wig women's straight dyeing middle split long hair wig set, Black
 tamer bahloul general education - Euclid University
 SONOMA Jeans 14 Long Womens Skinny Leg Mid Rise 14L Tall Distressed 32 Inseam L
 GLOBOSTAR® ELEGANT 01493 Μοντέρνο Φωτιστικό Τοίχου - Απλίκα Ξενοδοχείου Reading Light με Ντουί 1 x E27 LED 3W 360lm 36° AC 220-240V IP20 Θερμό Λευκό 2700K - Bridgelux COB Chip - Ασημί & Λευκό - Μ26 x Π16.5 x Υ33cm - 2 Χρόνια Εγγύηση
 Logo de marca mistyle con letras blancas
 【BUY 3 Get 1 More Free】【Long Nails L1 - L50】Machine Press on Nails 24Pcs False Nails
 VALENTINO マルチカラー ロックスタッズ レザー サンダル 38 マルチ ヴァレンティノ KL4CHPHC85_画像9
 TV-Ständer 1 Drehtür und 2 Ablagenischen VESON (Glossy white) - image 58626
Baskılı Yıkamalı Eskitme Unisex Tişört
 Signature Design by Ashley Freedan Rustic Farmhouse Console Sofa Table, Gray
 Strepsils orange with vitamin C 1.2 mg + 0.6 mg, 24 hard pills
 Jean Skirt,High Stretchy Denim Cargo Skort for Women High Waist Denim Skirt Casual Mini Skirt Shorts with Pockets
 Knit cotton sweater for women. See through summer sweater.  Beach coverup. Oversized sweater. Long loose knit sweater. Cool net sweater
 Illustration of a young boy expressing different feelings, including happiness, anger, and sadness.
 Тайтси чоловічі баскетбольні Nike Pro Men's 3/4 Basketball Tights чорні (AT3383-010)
*****
• **WHAT THE TASK ASKS**:
Give an exact copy of the lines from the one with "Illustration of a" through the end of the entries, both ends included.

• **EXERCISE SOLUTION**:
 Illustration of a young boy expressing different feelings, including happiness, anger, and sadness.
 Тайтси чоловічі баскетбольні Nike Pro Men's 3/4 Basketball Tights чорні (AT3383-010)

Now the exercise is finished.